• **THE PROBLEM**
Omitting all images, output the entries that follow exactly as written.
THE INPUT START
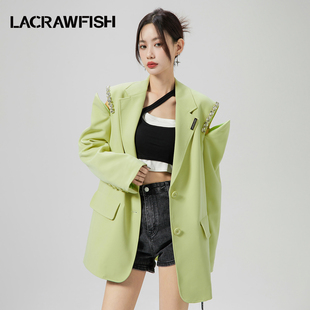 外套女高级感西服上衣 LACRAWFISH手工钉钻肩部拉链镂空两穿小西装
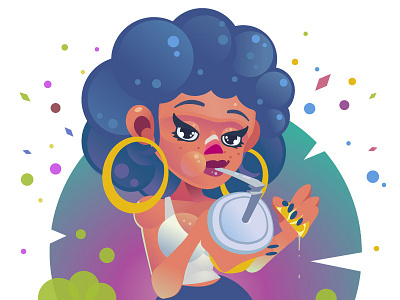 Bubble girl art bubble flat girl happy illustration juicy lemonade post flat sexy babe shine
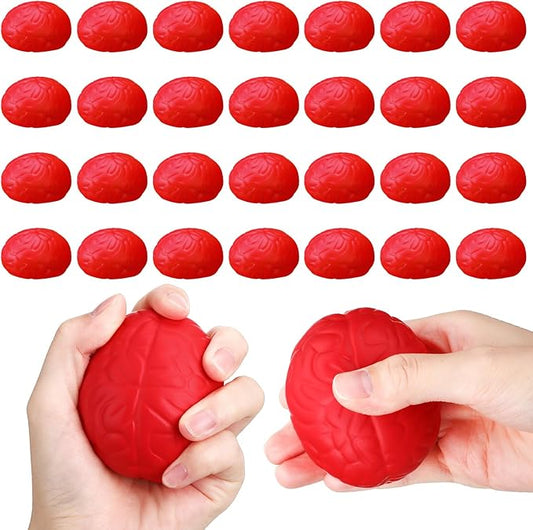 Jenaai 30 Pcs Brain Stress Ball Halloween Squeeze Toy 2.76 Inch PU Hand Muscle Exercise Pressure Ball Funny Stress Relief Toy for Teens Adults Improving Grip Strength Release Pressure(Red)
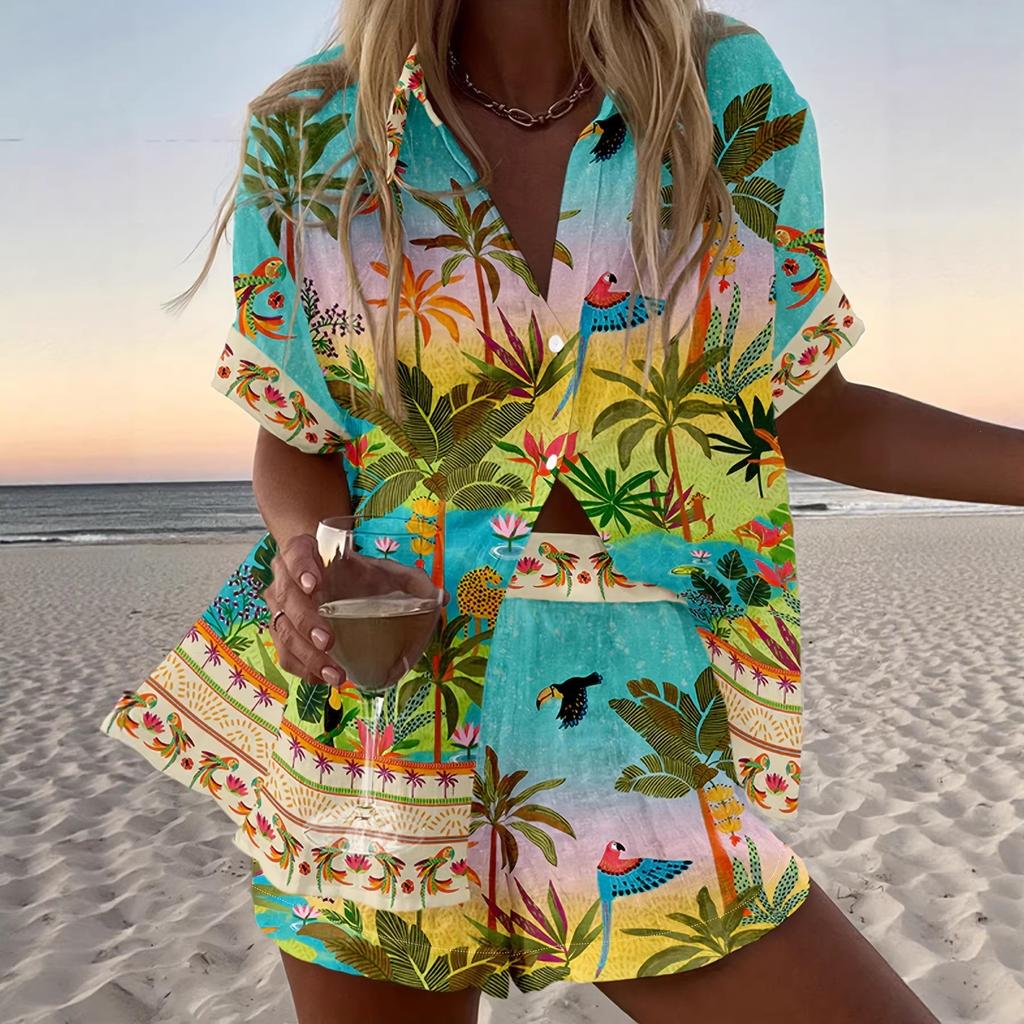 Cartoon parrot island style suit female, casual and versatile, comfortable and breathable beach two-piece set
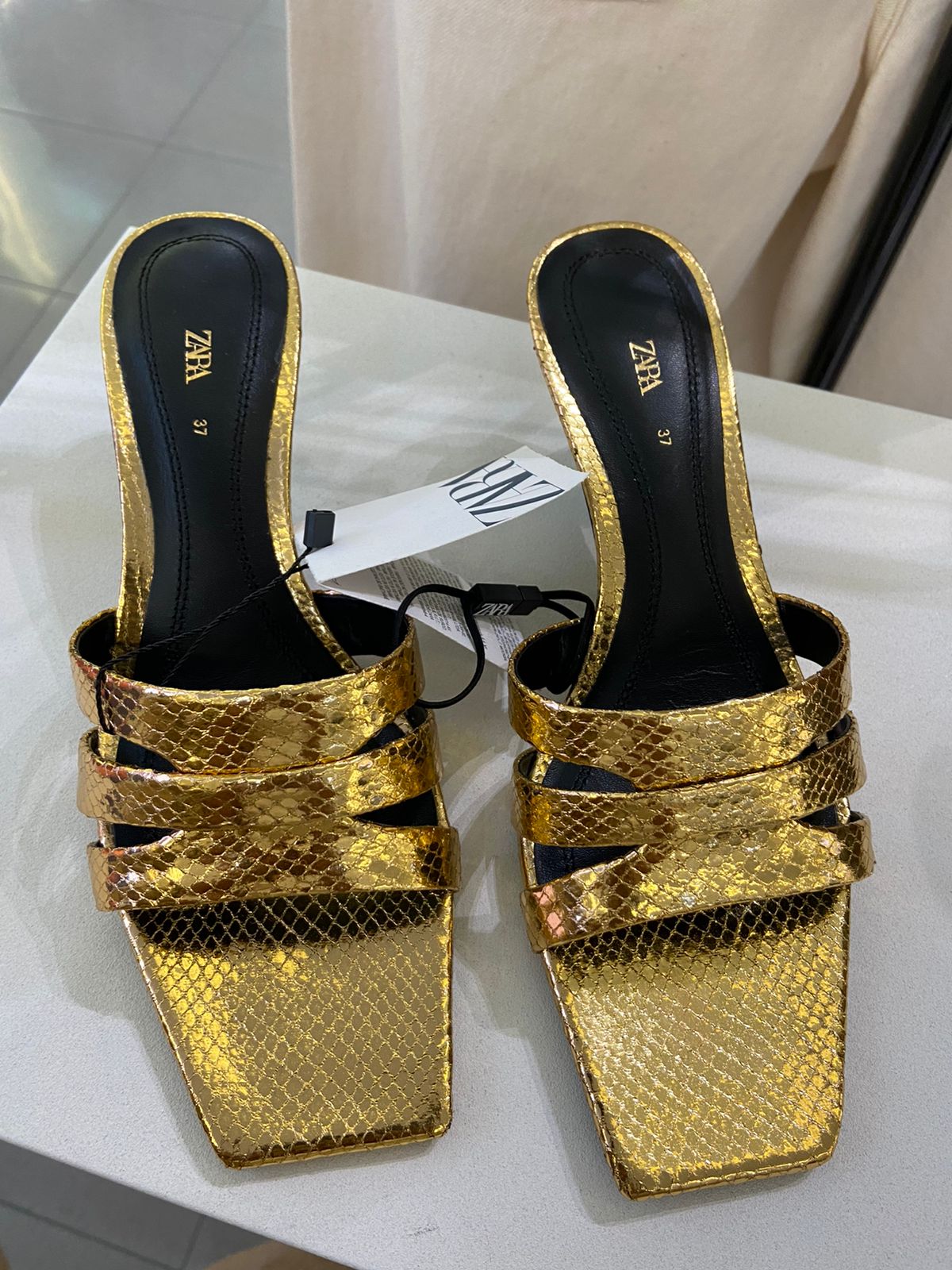 ZARA Gold Heels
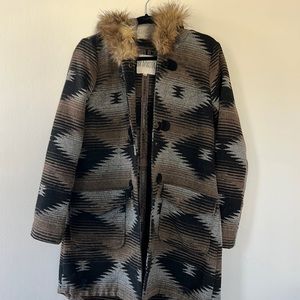 BB DAKOTA winter jacket with trim fur brown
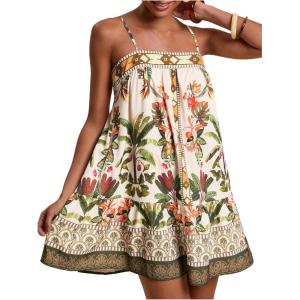 image:imageFloerns Womens Sleeveless Cami Dress Floral Flounce Hem Summer Short DressesGreen Multi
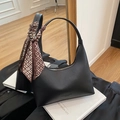 Fashionable black hobo underarm bag with a decorative scarf and minimalist leather design - Black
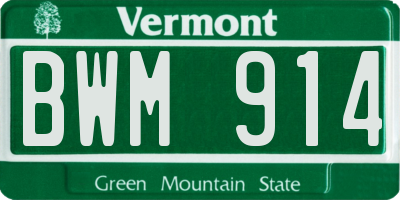 VT license plate BWM914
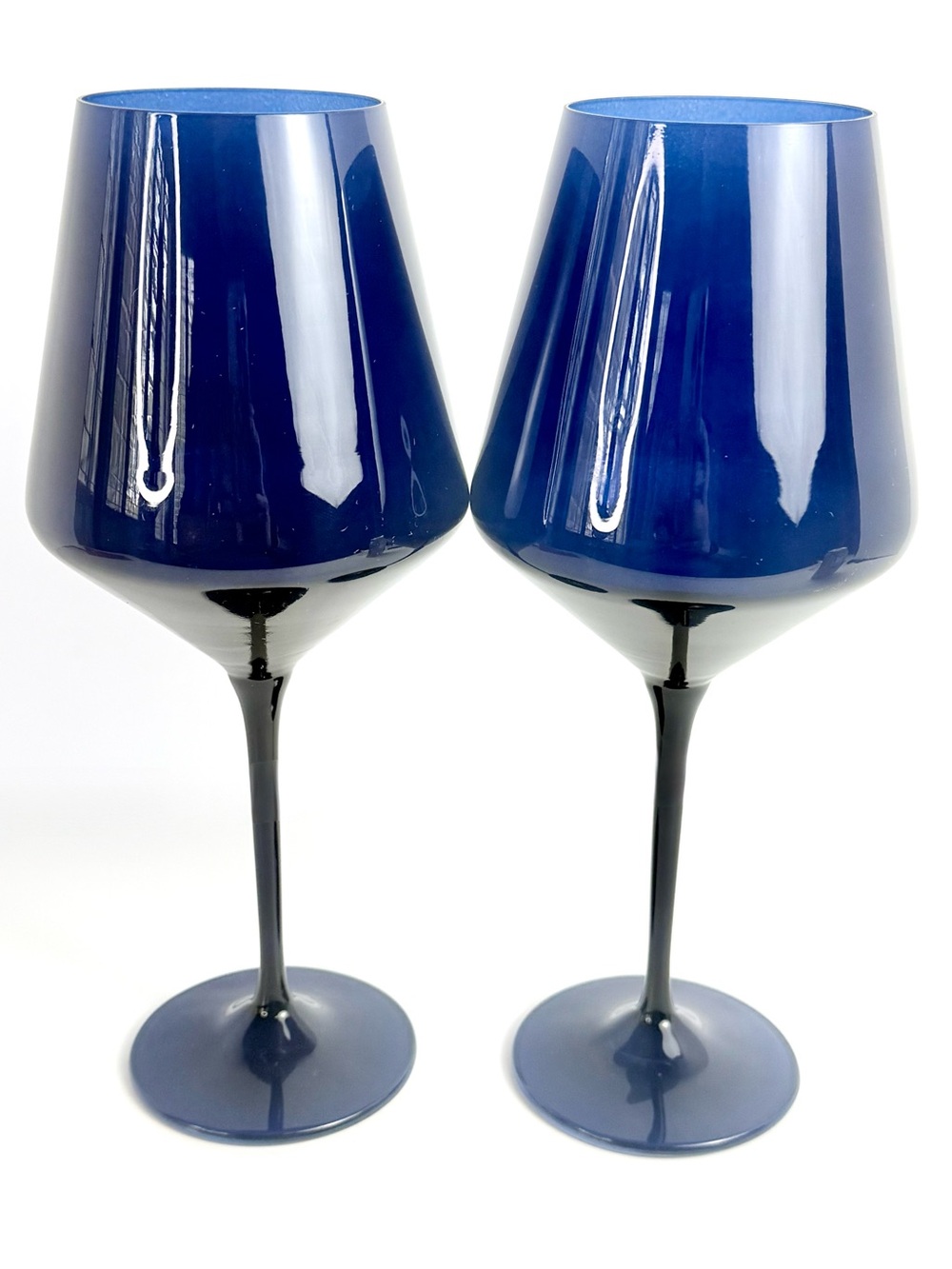 Set Of 2 Signed Estelle Handblown Midnight Blue Colored Wine Glasses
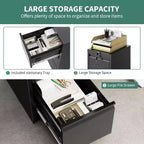 103IN Rolling Storage Cabinet with Lock, Workbench & Adjustable Shelf, Mobile Tool Chest for Garage, Shop, Office, Black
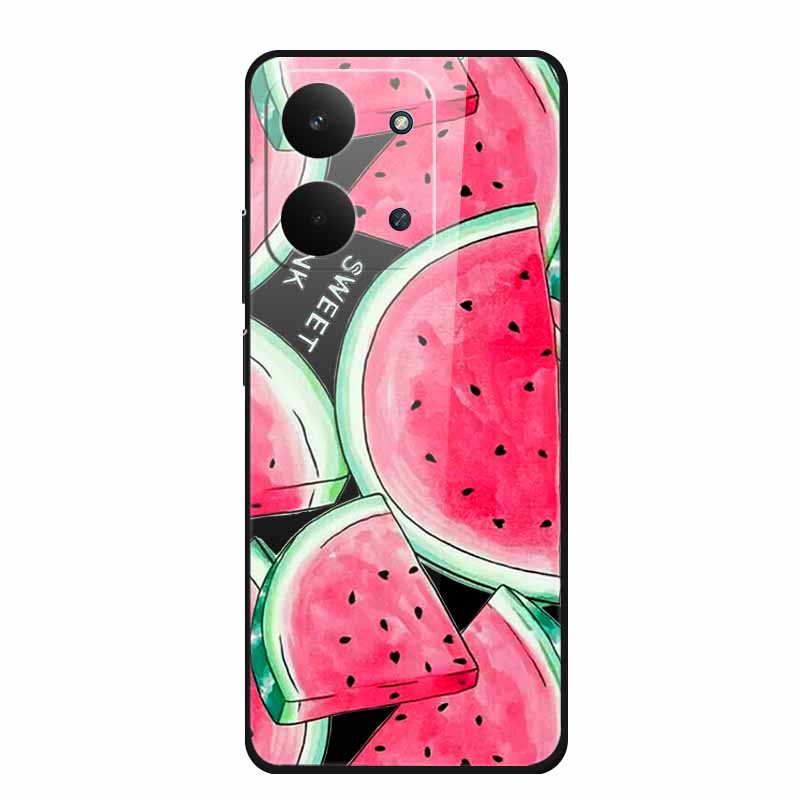 Glas-Rückseite für Redmi 15C 4G Hülle 15 C Niedliche Cartoon-Hülle aus hartem gehärtetem Glas mit weichem Stoßfänger für Redmi 15C Hüllen Coques Fundas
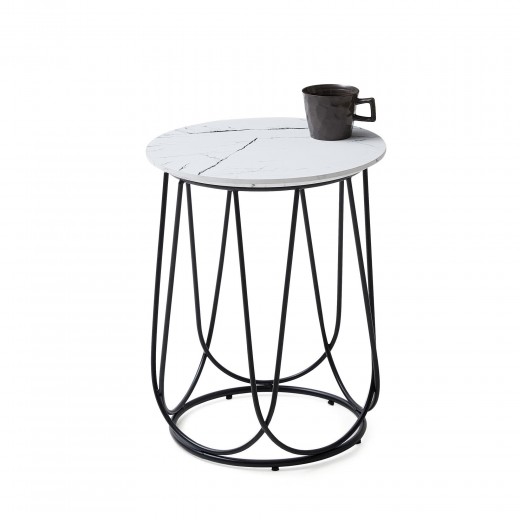 Masa de cafea din MDF si metal Nowels S Marmura / Negru, Ø40xH51 cm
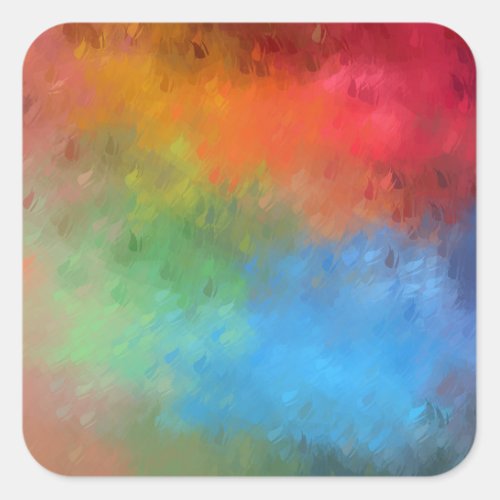 Colorful Blank Template Modern Abstract Art Trendy Square Sticker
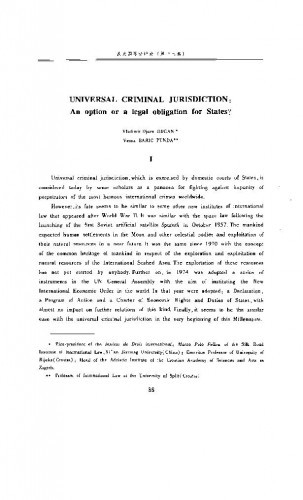 Universal Criminal Jurisdiction – An option or a legal obligation for States / Vladimir-Djuro Degan ; Vesna Baric Punda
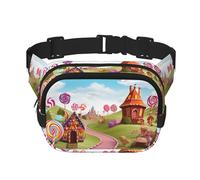 Sac banane réglable pour femme, sac banane léger et tendance pour homme, sac banane Candy Land pour voyage, entraînement, course à pied, cyclisme, noir, taille unique, Noir , Taille unique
THE INPUT END
• **EXERCISE OUTPUT**
 外套女高级感西服上衣 LACRAWFISH手工钉钻肩部拉链镂空两穿小西装
 Bubble girl art bubble flat girl happy illustration juicy lemonade post flat sexy babe shine
 Jenaai 30 Pcs Brain Stress Ball Halloween Squeeze Toy 2.76 Inch PU Hand Muscle Exercise Pressure Ball Funny Stress Relief Toy for Teens Adults Improving Grip Strength Release Pressure(Red)
 Cartoon parrot island style suit female, casual and versatile, comfortable and breathable beach two-piece set
 ZARA Gold Heels
 BB DAKOTA winter jacket with trim fur brown
 image:imageFloerns Womens Sleeveless Cami Dress Floral Flounce Hem Summer Short DressesGreen Multi
 Fashionable black hobo underarm bag with a decorative scarf and minimalist leather design - Black
 VT license plate BWM914
 Set Of 2 Signed Estelle Handblown Midnight Blue Colored Wine Glasses
 103IN Rolling Storage Cabinet with Lock, Workbench & Adjustable Shelf, Mobile Tool Chest for Garage, Shop, Office, Black
 Glas-Rückseite für Redmi 15C 4G Hülle 15 C Niedliche Cartoon-Hülle aus hartem gehärtetem Glas mit weichem Stoßfänger für Redmi 15C Hüllen Coques Fundas
 Masa de cafea din MDF si metal Nowels S Marmura / Negru, Ø40xH51 cm
 Colorful Blank Template Modern Abstract Art Trendy Square Sticker
 Universal Criminal Jurisdiction – An option or a legal obligation for States / Vladimir-Djuro Degan ; Vesna Baric Punda
 Sac banane réglable pour femme, sac banane léger et tendance pour homme, sac banane Candy Land pour voyage, entraînement, course à pied, cyclisme, noir, taille unique, Noir , Taille unique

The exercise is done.